Omit the pictures, then reproduce exactly the line bearing "Image of the card Obstagoon di Galar" and every line after it up to and including the last line of the entries below.
%%
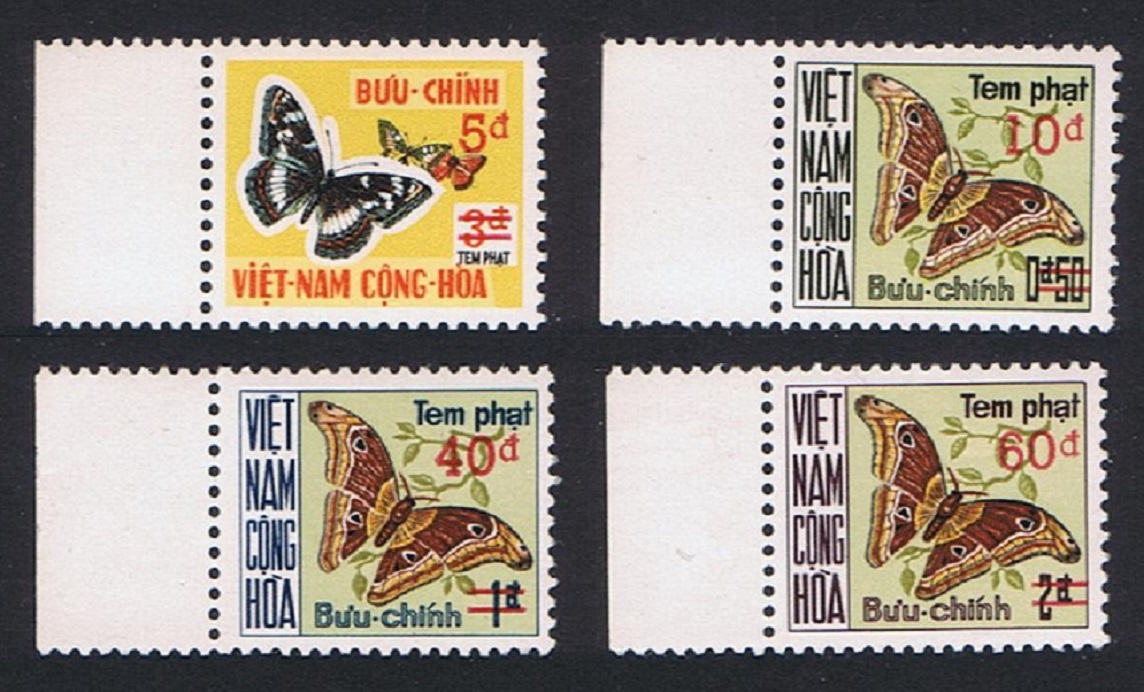 South Vietnam Butterflies Postage Due 4v Overprinted Margins 1974 MNH SG#SD470k-SD470n MI#Porto 21-24 Sc#J21-J24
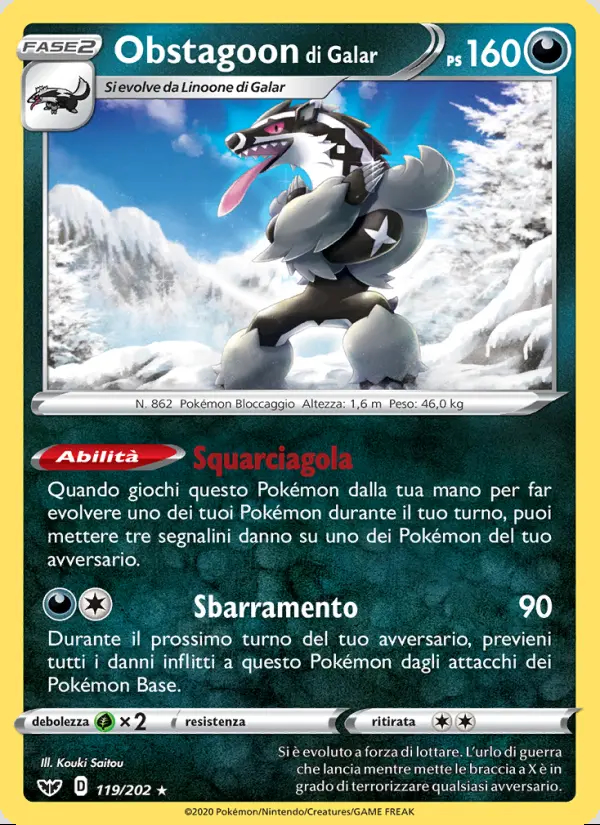 Image of the card Obstagoon di Galar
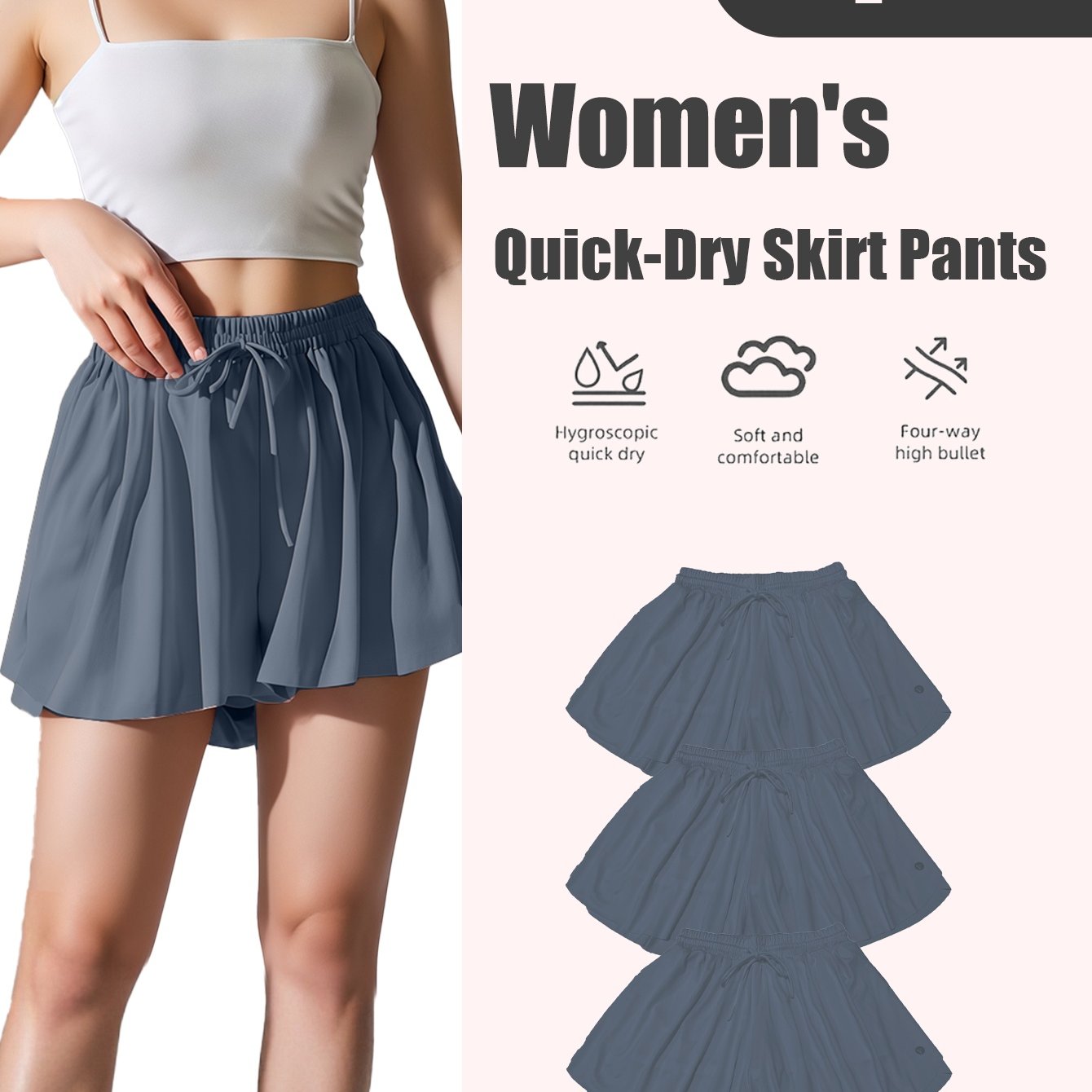 Women's Quick-Dry 3pcs Sports Skirt & Shorts Set with Built-In Safety Shorts - Solid Color Pleated Skater Skirt, Gymnastics Running Jumping Outfit, Spring Summer Fall Athletic Wear, Machine Washable (No Transparency)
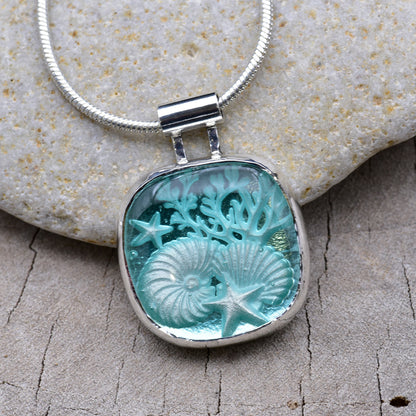 Artisan Nautical Fused Glass Pendant Necklace | Nautilus, Shells & Coral | Sterling Silver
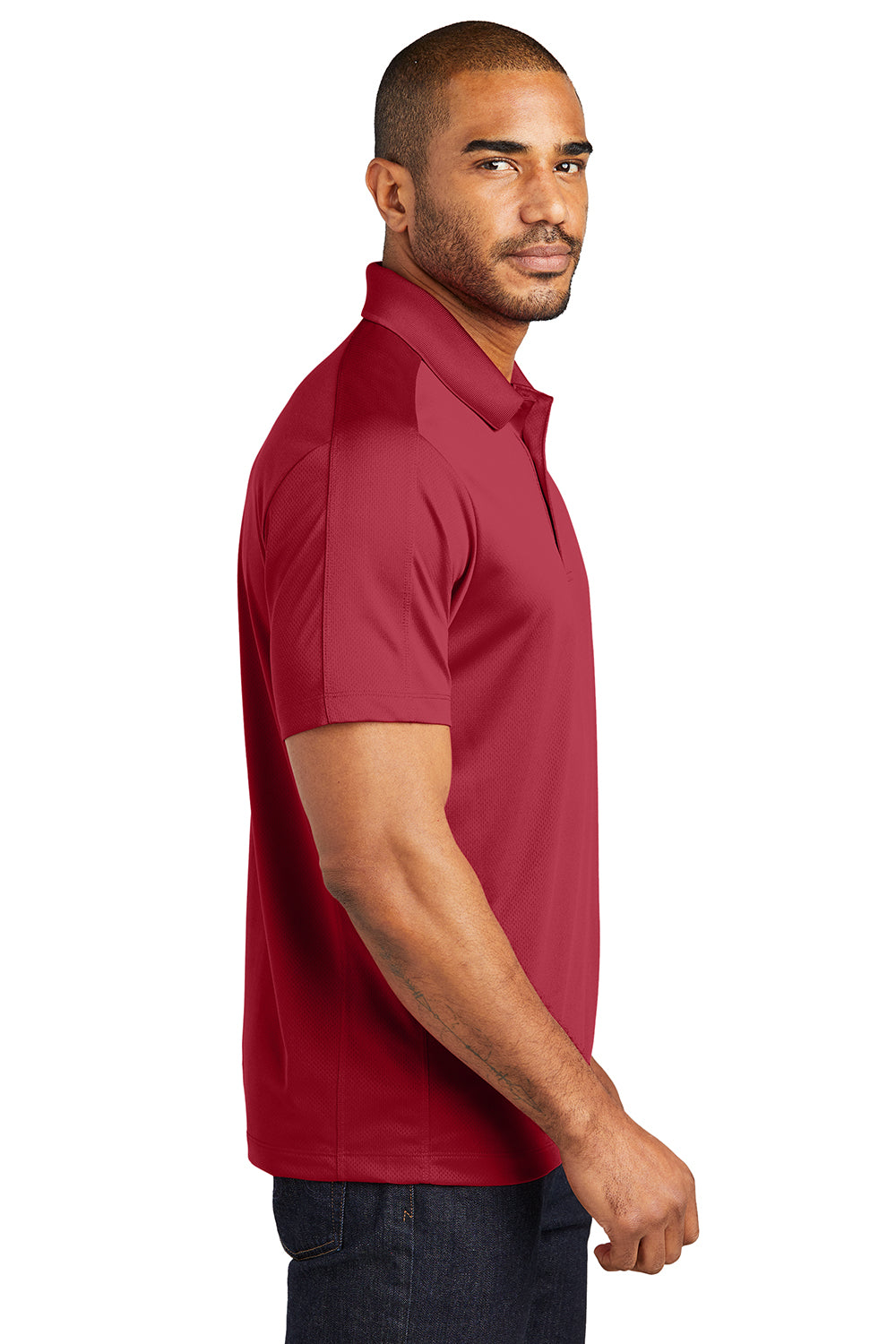 Port Authority K569 Mens Moisture Wicking Short Sleeve Polo Shirt Rich Red Model Side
%%
Response to the exercise:
 Image of the card Obstagoon di Galar
 Women's Quick-Dry 3pcs Sports Skirt & Shorts Set with Built-In Safety Shorts - Solid Color Pleated Skater Skirt, Gymnastics Running Jumping Outfit, Spring Summer Fall Athletic Wear, Machine Washable (No Transparency)
 Artisan Nautical Fused Glass Pendant Necklace | Nautilus, Shells & Coral | Sterling Silver
 Port Authority K569 Mens Moisture Wicking Short Sleeve Polo Shirt Rich Red Model Side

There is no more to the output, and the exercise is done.